Sugar is an interesting commodity since it is used as food and fuel. You can make anything taste better by adding some sugar to it, but it has little food value. It can be made into ethanol and burned like gas but it has trouble competing with gas refined from crude oil. As an exercise in fundamental investing I want to look at the history of sugar in my managed portfolios. As a fundamental first - technical second investor, my research and thoughts lead me to study the sugar market. A casual review of my managed portfolios will find oil, food, gold, medical and many of the big names you read about everyday, like Coke (KO). In the middle of the list of stocks is a small company named Rogers Sugar (or Lantic). You can find them trading under the symbol OTC:RSGUF. and the Rogers page is here with all the details.
During the "good ole days" I was shopping for sugar related investments while the ethanol push under the Bush administration was in the news around 2005. Below is the 10 year graph for Rogers; you'll see the price action was up and down enough to offer some compelling entry points for a patient investor.

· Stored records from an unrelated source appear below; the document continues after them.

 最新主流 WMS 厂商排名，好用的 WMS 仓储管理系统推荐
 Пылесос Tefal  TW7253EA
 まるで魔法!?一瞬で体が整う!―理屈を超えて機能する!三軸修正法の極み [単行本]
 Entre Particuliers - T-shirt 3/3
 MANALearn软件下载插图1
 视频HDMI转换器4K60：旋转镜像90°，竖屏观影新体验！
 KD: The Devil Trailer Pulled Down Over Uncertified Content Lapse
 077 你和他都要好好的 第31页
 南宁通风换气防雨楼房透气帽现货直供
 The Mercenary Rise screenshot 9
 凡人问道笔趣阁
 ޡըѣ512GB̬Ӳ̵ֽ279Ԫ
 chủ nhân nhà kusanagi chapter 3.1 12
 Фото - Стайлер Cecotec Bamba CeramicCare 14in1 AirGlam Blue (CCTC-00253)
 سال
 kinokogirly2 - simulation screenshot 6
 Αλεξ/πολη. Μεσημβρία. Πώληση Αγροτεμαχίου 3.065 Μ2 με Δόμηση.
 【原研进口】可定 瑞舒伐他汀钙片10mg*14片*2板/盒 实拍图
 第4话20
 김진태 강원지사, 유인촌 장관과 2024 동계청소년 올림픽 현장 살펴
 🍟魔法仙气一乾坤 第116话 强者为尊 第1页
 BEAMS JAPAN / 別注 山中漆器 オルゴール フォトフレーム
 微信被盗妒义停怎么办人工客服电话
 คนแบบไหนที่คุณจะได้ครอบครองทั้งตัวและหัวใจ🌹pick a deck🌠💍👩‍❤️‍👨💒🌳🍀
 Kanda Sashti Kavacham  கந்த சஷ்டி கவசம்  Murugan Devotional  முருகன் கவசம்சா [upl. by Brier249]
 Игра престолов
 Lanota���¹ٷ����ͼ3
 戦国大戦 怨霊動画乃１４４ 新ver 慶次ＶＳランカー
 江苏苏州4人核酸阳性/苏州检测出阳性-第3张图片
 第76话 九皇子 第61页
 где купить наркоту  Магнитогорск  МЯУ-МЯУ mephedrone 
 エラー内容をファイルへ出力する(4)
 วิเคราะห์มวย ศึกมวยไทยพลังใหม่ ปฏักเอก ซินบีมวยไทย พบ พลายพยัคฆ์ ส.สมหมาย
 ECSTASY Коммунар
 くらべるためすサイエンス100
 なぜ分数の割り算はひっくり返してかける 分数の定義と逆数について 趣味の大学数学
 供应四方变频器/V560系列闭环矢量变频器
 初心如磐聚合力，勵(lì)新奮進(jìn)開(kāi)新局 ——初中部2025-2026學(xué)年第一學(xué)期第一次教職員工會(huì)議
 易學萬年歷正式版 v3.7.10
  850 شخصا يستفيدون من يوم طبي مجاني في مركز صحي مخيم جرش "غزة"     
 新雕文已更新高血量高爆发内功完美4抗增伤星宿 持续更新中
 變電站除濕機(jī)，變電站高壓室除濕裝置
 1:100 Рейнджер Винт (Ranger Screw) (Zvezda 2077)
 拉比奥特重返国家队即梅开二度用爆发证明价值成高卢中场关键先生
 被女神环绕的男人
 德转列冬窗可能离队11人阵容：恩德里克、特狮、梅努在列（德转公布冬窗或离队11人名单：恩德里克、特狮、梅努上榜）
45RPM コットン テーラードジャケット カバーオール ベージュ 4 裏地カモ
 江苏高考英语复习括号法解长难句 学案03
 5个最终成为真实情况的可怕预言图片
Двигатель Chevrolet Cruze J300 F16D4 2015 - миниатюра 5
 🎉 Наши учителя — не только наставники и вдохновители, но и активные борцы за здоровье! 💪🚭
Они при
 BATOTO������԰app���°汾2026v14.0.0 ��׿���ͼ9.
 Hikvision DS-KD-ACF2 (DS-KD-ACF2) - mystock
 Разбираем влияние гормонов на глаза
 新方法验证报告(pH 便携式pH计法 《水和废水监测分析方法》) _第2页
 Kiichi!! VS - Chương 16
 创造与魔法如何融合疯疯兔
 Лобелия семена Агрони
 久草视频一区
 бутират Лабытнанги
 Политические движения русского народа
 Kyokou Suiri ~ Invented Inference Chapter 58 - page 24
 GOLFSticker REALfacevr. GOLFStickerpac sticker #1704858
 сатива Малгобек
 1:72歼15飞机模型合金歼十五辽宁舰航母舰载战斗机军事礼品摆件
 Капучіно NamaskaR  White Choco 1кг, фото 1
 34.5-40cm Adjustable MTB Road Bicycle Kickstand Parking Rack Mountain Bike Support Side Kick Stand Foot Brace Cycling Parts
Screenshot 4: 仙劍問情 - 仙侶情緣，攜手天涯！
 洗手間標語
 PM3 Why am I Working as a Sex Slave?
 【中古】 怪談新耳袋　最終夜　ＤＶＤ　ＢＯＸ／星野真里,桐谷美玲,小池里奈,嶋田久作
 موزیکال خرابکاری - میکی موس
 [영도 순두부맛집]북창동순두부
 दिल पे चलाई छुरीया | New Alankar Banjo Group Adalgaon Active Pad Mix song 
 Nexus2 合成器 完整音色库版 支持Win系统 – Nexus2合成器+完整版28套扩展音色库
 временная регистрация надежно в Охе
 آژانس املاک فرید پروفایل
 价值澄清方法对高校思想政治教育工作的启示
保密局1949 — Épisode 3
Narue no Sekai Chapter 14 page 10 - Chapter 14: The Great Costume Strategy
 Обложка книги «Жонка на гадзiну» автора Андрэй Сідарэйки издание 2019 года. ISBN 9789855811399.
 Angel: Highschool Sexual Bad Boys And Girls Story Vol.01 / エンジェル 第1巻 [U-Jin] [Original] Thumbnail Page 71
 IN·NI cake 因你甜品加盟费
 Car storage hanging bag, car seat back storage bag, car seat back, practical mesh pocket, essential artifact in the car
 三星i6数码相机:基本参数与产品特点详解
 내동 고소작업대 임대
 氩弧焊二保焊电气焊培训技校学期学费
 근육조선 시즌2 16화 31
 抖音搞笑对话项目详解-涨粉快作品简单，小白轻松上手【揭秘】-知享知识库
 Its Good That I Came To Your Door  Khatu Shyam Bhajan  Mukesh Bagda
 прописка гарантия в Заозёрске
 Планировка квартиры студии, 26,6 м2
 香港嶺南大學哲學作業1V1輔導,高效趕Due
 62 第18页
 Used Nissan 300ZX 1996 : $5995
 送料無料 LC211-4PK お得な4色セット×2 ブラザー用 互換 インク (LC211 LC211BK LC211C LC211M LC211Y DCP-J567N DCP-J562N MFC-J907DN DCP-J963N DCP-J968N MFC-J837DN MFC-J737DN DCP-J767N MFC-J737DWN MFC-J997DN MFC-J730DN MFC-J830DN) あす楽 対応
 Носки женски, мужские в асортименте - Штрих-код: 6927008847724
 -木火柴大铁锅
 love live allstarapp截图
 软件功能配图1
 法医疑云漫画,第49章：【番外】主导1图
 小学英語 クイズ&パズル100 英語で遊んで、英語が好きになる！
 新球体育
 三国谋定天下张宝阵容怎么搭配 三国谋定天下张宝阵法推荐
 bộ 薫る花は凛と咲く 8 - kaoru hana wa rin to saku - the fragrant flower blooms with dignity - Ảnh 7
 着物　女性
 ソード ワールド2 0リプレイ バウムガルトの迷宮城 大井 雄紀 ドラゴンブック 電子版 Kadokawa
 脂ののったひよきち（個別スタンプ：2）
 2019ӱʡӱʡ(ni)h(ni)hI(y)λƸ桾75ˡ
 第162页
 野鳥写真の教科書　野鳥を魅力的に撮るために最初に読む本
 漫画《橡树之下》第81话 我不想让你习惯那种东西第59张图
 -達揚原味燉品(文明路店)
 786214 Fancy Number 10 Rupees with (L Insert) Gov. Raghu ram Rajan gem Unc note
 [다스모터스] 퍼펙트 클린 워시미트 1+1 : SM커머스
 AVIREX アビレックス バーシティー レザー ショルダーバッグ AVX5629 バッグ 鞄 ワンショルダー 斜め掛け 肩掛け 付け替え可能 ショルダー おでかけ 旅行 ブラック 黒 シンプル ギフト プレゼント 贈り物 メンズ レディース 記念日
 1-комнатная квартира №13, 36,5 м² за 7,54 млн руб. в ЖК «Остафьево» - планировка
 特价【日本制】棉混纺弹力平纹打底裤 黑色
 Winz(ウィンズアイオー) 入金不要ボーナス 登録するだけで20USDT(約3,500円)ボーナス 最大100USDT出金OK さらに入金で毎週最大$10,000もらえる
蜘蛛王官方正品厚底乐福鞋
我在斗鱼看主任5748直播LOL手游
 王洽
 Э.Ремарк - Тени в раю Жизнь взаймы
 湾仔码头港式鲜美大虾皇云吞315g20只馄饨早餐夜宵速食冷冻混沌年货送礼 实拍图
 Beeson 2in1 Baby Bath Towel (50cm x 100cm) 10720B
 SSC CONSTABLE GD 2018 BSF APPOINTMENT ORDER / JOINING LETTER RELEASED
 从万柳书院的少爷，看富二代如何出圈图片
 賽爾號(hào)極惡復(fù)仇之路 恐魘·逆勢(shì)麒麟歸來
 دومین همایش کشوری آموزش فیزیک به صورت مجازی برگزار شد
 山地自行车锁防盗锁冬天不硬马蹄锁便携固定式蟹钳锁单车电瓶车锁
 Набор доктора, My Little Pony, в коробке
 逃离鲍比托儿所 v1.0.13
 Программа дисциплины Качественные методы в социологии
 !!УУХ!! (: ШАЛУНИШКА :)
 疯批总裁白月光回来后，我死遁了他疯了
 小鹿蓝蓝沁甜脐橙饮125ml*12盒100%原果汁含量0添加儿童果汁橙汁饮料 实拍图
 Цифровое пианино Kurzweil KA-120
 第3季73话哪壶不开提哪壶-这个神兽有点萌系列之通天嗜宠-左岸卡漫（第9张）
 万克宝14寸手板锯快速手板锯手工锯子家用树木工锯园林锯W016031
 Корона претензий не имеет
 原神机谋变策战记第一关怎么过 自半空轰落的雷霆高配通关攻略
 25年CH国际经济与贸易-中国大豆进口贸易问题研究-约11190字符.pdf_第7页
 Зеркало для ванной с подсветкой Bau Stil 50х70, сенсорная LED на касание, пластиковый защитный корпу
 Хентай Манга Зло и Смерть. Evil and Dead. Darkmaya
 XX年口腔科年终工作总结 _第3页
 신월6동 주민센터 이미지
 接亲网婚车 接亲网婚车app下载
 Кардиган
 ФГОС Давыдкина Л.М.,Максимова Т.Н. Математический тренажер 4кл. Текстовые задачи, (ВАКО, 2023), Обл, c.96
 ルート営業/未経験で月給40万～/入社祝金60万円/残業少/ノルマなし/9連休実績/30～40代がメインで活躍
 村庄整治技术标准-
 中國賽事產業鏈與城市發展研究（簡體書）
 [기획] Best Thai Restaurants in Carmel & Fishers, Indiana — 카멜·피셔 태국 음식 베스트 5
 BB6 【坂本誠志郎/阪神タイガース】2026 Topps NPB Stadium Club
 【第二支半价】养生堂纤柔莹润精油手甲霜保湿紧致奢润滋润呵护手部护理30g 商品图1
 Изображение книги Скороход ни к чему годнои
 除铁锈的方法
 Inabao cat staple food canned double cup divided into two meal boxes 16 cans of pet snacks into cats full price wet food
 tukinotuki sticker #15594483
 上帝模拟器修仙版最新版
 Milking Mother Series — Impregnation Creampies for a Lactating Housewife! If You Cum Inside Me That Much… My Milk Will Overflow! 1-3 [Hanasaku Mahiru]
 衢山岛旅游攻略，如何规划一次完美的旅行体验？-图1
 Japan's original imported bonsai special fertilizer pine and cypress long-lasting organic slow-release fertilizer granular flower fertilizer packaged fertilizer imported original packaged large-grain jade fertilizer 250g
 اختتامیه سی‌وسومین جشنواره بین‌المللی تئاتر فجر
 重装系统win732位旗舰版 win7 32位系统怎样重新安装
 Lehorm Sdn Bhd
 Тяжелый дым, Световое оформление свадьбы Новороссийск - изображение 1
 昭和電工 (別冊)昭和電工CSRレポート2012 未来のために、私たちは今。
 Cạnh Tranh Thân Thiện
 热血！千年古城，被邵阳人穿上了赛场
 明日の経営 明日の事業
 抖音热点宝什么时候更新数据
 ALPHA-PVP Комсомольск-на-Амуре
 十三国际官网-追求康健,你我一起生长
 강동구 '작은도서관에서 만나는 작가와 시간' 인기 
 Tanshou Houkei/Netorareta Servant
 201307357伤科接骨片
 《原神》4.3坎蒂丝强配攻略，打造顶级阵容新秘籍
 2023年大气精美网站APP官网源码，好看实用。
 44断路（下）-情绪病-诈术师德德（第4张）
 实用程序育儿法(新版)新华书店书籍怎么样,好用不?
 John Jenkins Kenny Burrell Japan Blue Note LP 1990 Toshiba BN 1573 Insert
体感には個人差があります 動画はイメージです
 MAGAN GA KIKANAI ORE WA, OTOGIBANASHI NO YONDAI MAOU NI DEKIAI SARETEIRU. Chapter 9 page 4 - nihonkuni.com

The Brazilians were already taking sugar cane off the market and adding it to the market for ethanol so I thought the fundamentals were in line for an investment. Rogers Sugar is what I found. The next two charts are courtesy of tmx.quotemedia.com.
(click to enlarge)
Now we all remember the Canadian Trust tax law ambush that finished up in 2011 (law was passed years before in the Halloween Massacre of 2006). Rogers Sugar was among the group of trust companies that handled it fairly well. The yield in 2005/6 was around the 10-12% range. Did it hold? Yes it did. Right through 2008 and 2009 and into the corporate re-formation. You can see the listed yield below in current terms:
The yield is not 12% anymore because of some tax implications and the price increase. On 10/04/2005 I purchased, for a client, 1189 shares oat an average of about $3.50 per share. I added to that position an additional 650 shares at $3.20 on 01/03/2007. I elected to reinvest the dividends when received since the start.
What does this mean? It means that after many dividend increases and re-investments this sugar is yielding 16.42% on an investment of $6211.00. The total return is above 150%. Performance was impacted to the downside by the 15% foreign security income tax as well. Not bad for these years, at least for my humble trading.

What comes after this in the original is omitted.